:: RECORDS TO PROCESS ::
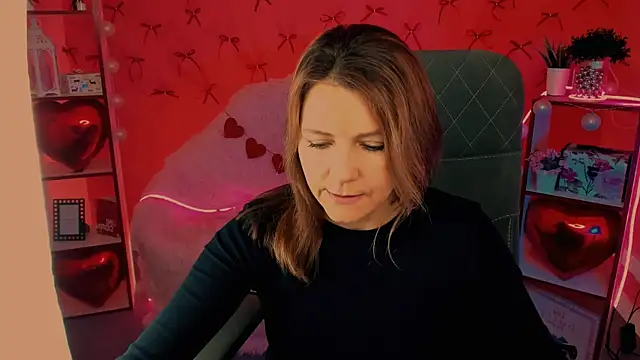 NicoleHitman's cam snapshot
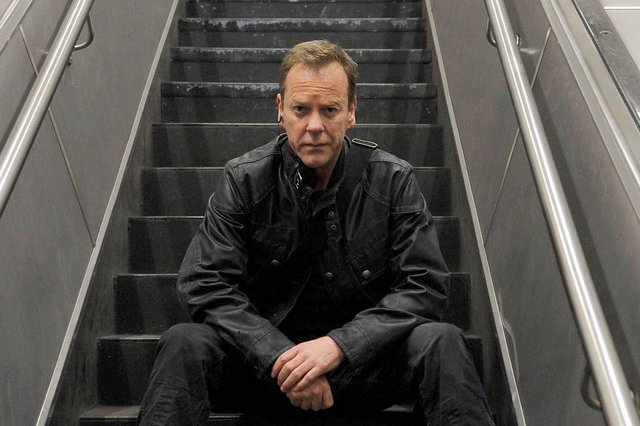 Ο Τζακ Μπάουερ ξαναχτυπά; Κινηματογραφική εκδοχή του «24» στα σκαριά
:::
:: RECORDS TO PROCESS ::
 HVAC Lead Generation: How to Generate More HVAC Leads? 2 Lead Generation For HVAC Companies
:::
:: RECORDS TO PROCESS ::
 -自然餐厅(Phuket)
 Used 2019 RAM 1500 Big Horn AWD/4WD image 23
:::
• _DIRECTIONS FOR THIS TASK_
Starting at the line containing "NicoleHitman's cam snapshot" and stopping at the line containing "Ο Τζακ Μπάουερ", output every line above exactly, both ends included, with pictures omitted.

• _SOLUTION FOR THIS TASK_
 NicoleHitman's cam snapshot
 Ο Τζακ Μπάουερ ξαναχτυπά; Κινηματογραφική εκδοχή του «24» στα σκαριά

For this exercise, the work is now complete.